I hate getting makeup in my eyes

… Don’t you?

I usually try to wave off the stuff, but I had been sweating all day (good, healthy, manly sweat, mind you), and I had a good Nixonian shine going when I entered the ETV building. So this time I didn’t resist when I was steered to the makeup room.

Greg Ryberg was in front of me, and he really needed the help. HeEndorses had seriously gouged himself shaving, and had this big, honking scab just below his lower lip. The makeup lady managed to cover it well enough for TV purposes, so he didn’t look like he had a communicable disease or something.

Thomas Ravenel was behind me, settling in the chair when I got up, and he immediately went into the regular-guy "I-don’t-think-I-need-this-stuff" routine, and the makeup lady responded by saying he didn’t have to have it if he didn’t want it. I don’t know whether he stayed and had his face done or not, but I didn’t notice him walking out with me.

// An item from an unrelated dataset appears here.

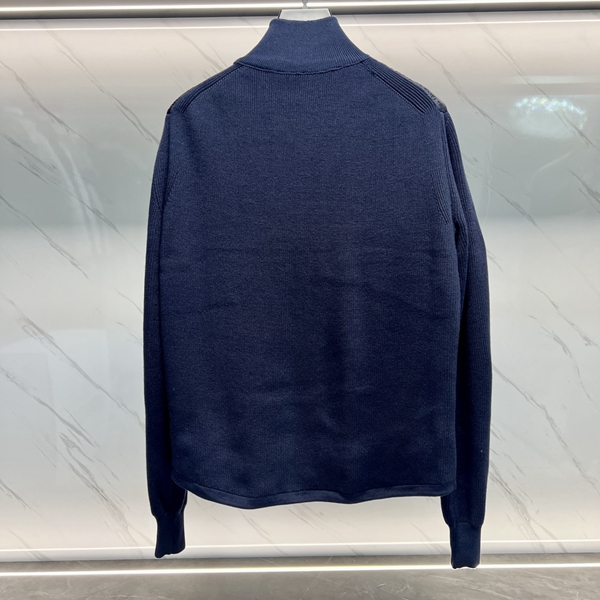 ハイクオリティダウンジャケット素材ディテール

The whole TV experience has an air of unreality that makes it hard to be natural, which is why hardly anybody is. You’ve got this weird goop on your face (at the end, Rick Quinn asked — a little too late — whether it would harden like concrete), and you can see every move you’re making on monitors. Do I really look like that? I hope not. Why is my head leaning over like that? And you try to straighten it up, but you lean it over more, looking like your spine’s having a convulsion or something, because it’s not a mirror. It’s like a mirror of a mirror, and just really discombobulating to the nervous system.

At that moment, the host signals that it’s your turn to ask a question, and all you can think of for a second is, "How come my neck looks like it’s broken, and when did my hair get so mangy?"

It’s all so distracting, I forgot to wave. Sorry.

This is why I prefer radio — or better yet, the written word. You can think about the conversation, instead of whether you’re sitting up straight.